» Task instructions
Below are the records; return exactly the lines from the one with "Chi phí logistics" through the final line, both included, minus any pictures.

Segment Start: Source information

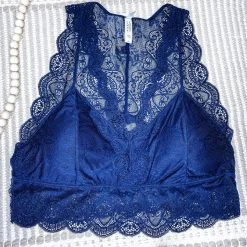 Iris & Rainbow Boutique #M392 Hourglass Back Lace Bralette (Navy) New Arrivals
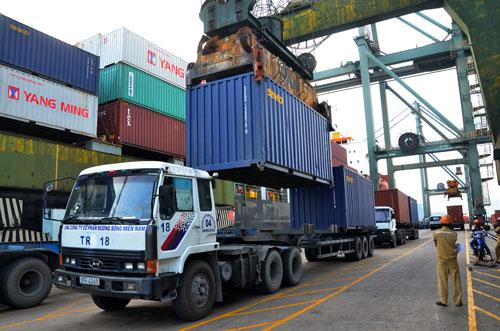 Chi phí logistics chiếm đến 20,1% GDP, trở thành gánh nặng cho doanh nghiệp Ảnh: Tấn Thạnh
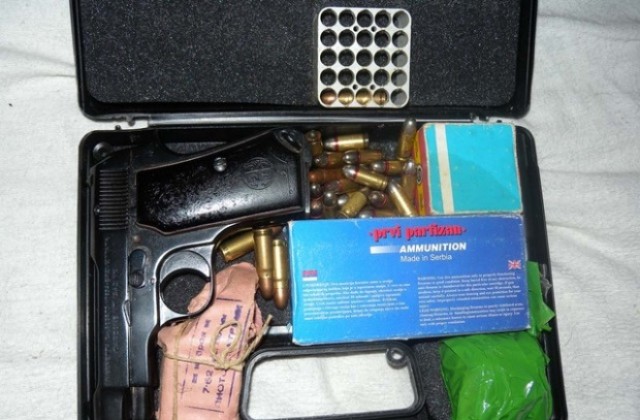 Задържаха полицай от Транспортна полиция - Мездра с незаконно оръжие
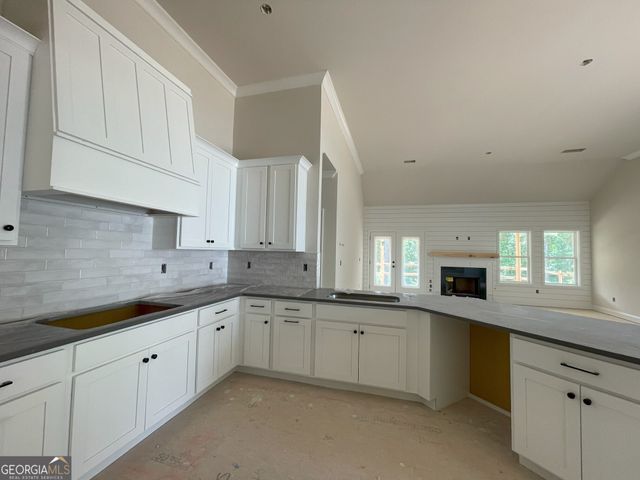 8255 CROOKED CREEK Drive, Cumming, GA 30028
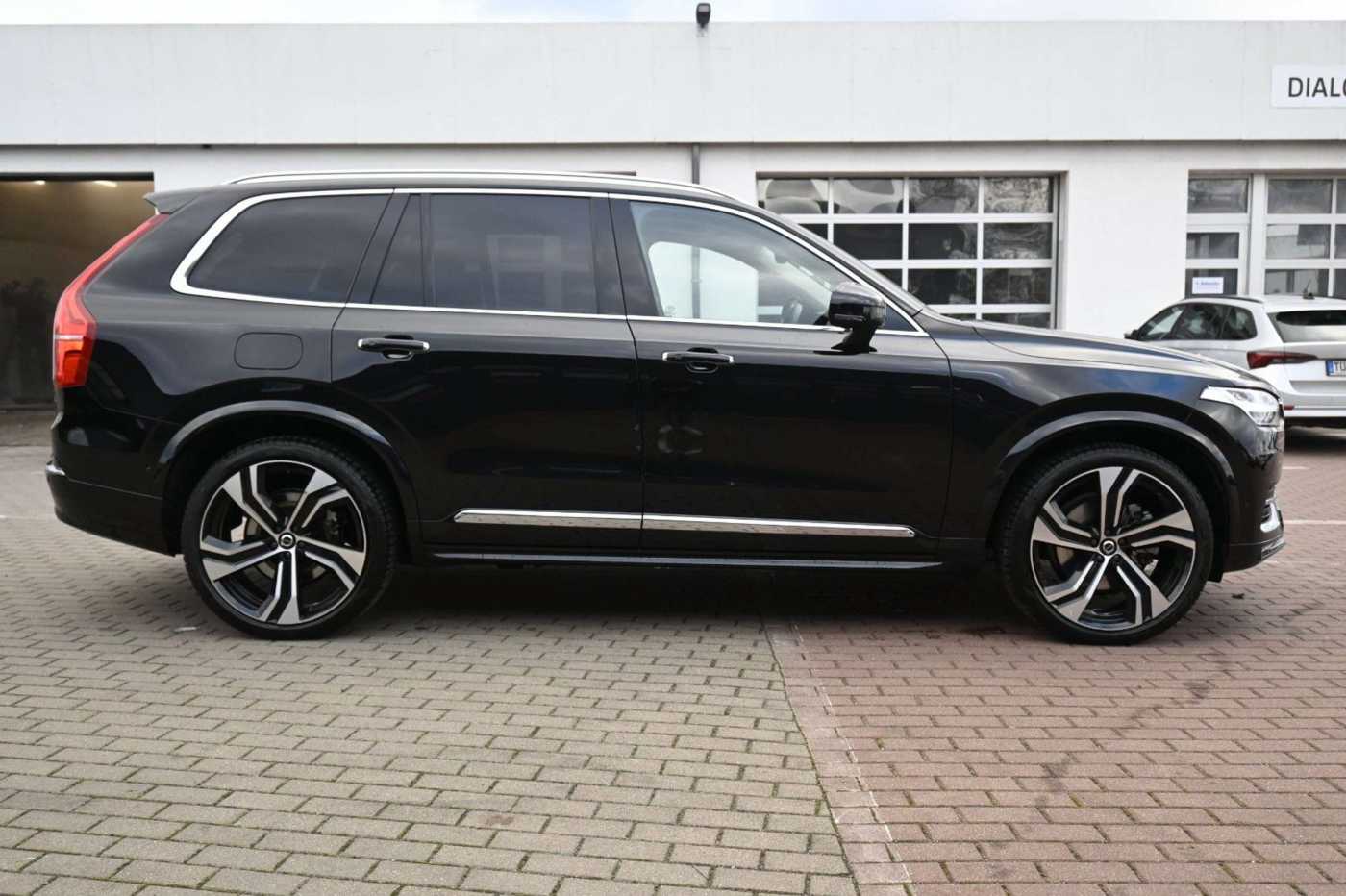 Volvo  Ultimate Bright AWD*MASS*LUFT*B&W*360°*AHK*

Segment End: Source information

» Response box
 Chi phí logistics chiếm đến 20,1% GDP, trở thành gánh nặng cho doanh nghiệp Ảnh: Tấn Thạnh
 Задържаха полицай от Транспортна полиция - Мездра с незаконно оръжие
 8255 CROOKED CREEK Drive, Cumming, GA 30028
 Volvo  Ultimate Bright AWD*MASS*LUFT*B&W*360°*AHK*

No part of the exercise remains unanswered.